On Code Comments

Actual source code from Microsoft Word 1.0 for DOS

Actual source code from Microsoft Word 1.0 for DOS

This post is basically a bookmark for me to come back to and remind (berate?) myself regularly about my comments that I write in my code.

Not that I should do more. I actually put in a heck of a lot of comments in my code, because I know my memory is poor.  Especially so when I have done several late night programming sessions in a row.  I once even completely forgot that I had written an entire application after a month of sleep deprivation.

What prompted this post is the fact that I often find myself coming across lines or blocks of code that are commented out.  Without explanation.

Just today, I had to go back into some 2 year old code, because a client had reported a possible bug that wasn't bringing pricing across properly from their legacy system.

It took me a while to re-understand my code, and that was helped by the copious comments I had left, knowing my own mental fallibility.  However, when I finally got to the section of code that did the pricing import and looked at it, I immediately knew what I needed to do in order to effect a fix.  BUT then... I noticed that there was already two lines of code EXACTLY like the ones I was about to put in.  Only they had been commented out by me previously.
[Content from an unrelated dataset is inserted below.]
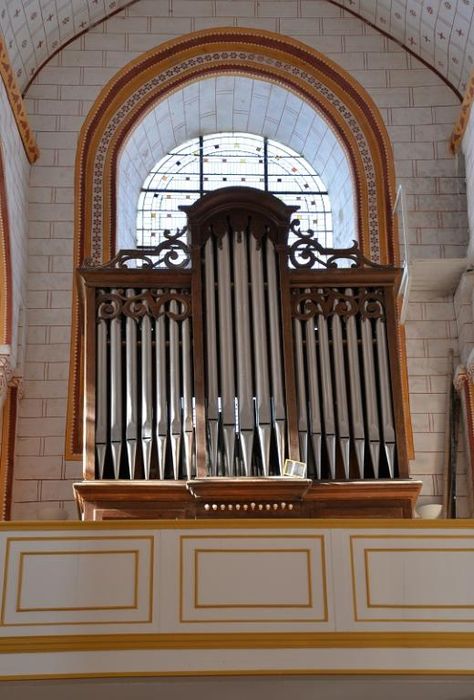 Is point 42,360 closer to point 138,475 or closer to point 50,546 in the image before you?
point 138,475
Why?? What made me comment out those two lines in the first place?  Did they introduce yet ANOTHER serious bug in the system?  There was no notation as to when the lines were commented out, nor any indication of WHY I had done so.

The 'when' is an easy fix.  I just need to go back through my version control system to work that out, but the 'why' is an altogether more puzzling conundrum.

I'll be sure to leave some comments in this section of code reiterating my journey to write, then comment out, then uncomment the alleged lines.  Perhaps in another year or so, I will come back to it and have to unravel this veritable Gordian knot of commentary.